EXERCISE DETAILS - Write again exactly the lines in the listing below, starting at the line with "Nike Air Max" and ending at the line with "Elektrisch Keyboard - Muziek", both included. Pictures are not copied.
· · · ·
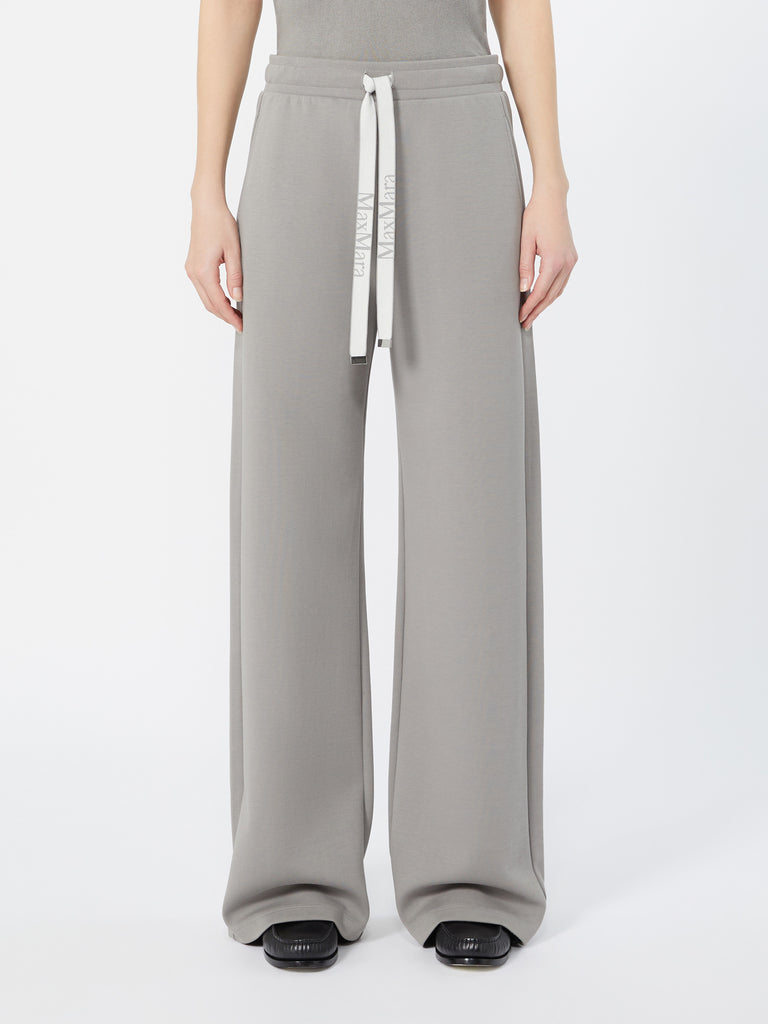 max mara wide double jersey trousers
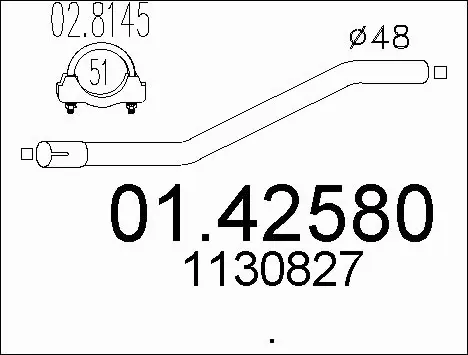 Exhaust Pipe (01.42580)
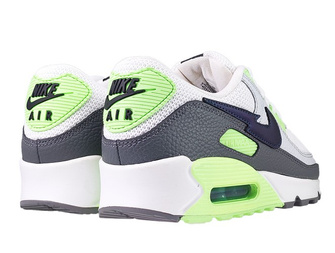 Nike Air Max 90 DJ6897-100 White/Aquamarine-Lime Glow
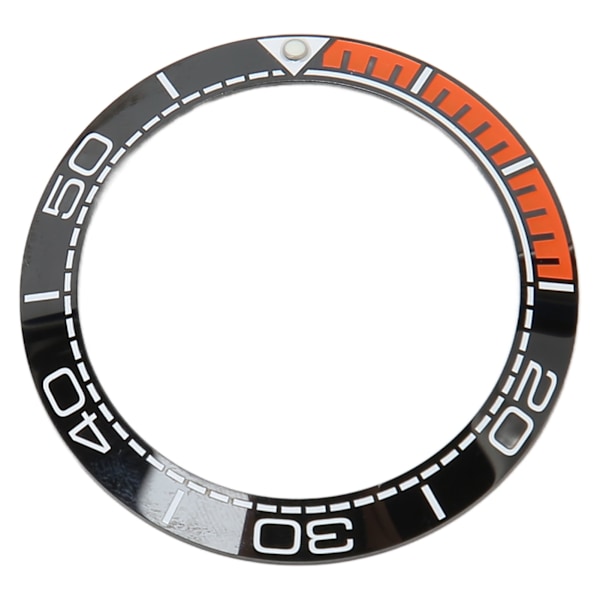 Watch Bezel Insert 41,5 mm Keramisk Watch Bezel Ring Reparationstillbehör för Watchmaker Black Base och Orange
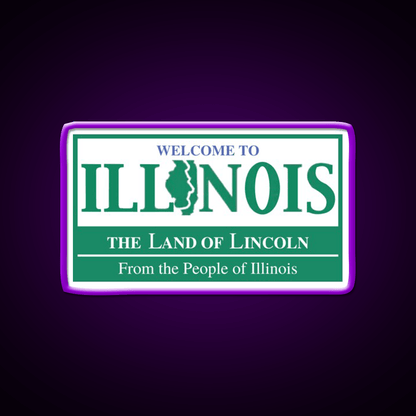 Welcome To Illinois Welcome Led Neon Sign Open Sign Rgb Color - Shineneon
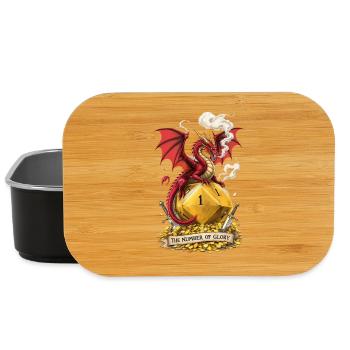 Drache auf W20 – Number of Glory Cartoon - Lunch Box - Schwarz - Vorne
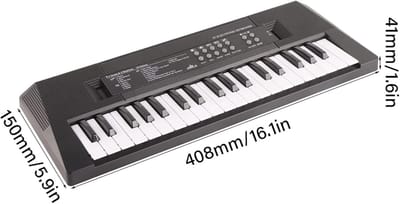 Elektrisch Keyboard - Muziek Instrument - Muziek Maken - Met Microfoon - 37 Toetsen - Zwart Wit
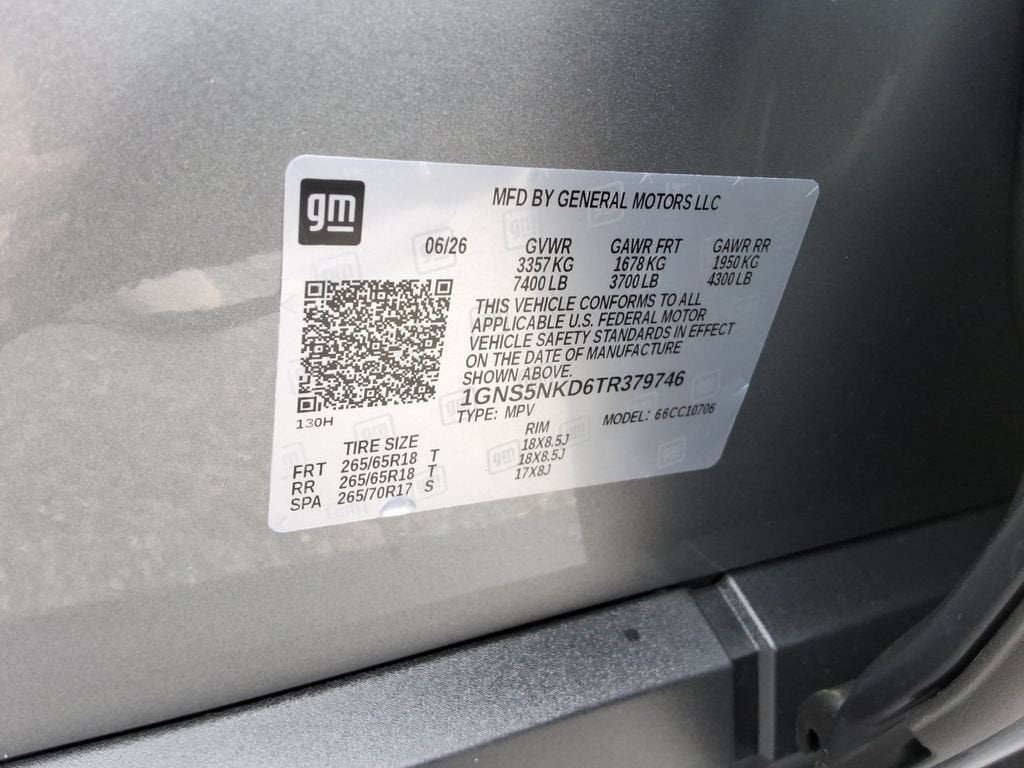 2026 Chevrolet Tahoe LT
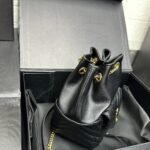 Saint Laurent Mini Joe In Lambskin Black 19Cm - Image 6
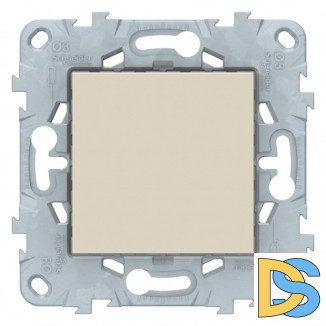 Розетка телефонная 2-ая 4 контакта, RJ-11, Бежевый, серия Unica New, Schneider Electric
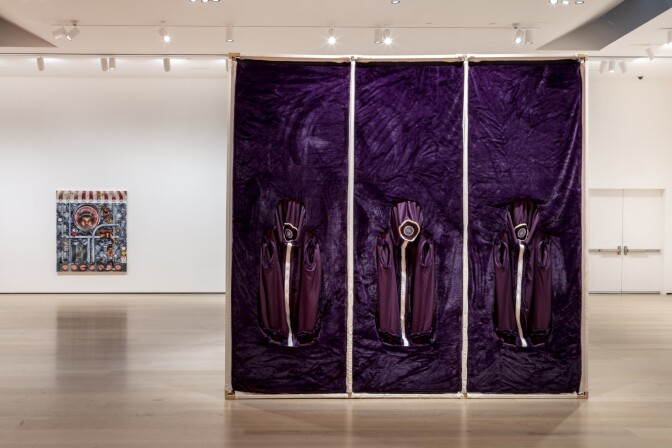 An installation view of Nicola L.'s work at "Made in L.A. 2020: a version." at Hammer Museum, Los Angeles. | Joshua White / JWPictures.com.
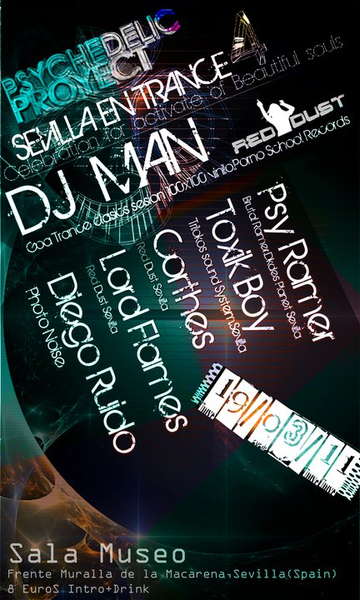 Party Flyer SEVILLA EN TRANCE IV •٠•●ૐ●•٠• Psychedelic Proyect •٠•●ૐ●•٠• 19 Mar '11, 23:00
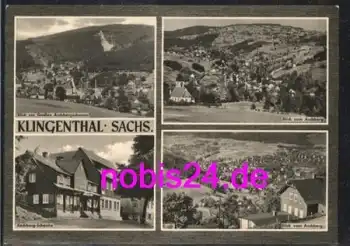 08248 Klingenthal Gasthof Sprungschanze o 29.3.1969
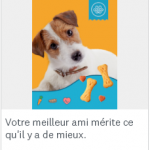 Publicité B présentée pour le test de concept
· · · ·
SOLUTION -
 Nike Air Max 90 DJ6897-100 White/Aquamarine-Lime Glow
 Watch Bezel Insert 41,5 mm Keramisk Watch Bezel Ring Reparationstillbehör för Watchmaker Black Base och Orange
 Welcome To Illinois Welcome Led Neon Sign Open Sign Rgb Color - Shineneon
 Drache auf W20 – Number of Glory Cartoon - Lunch Box - Schwarz - Vorne
 Elektrisch Keyboard - Muziek Instrument - Muziek Maken - Met Microfoon - 37 Toetsen - Zwart Wit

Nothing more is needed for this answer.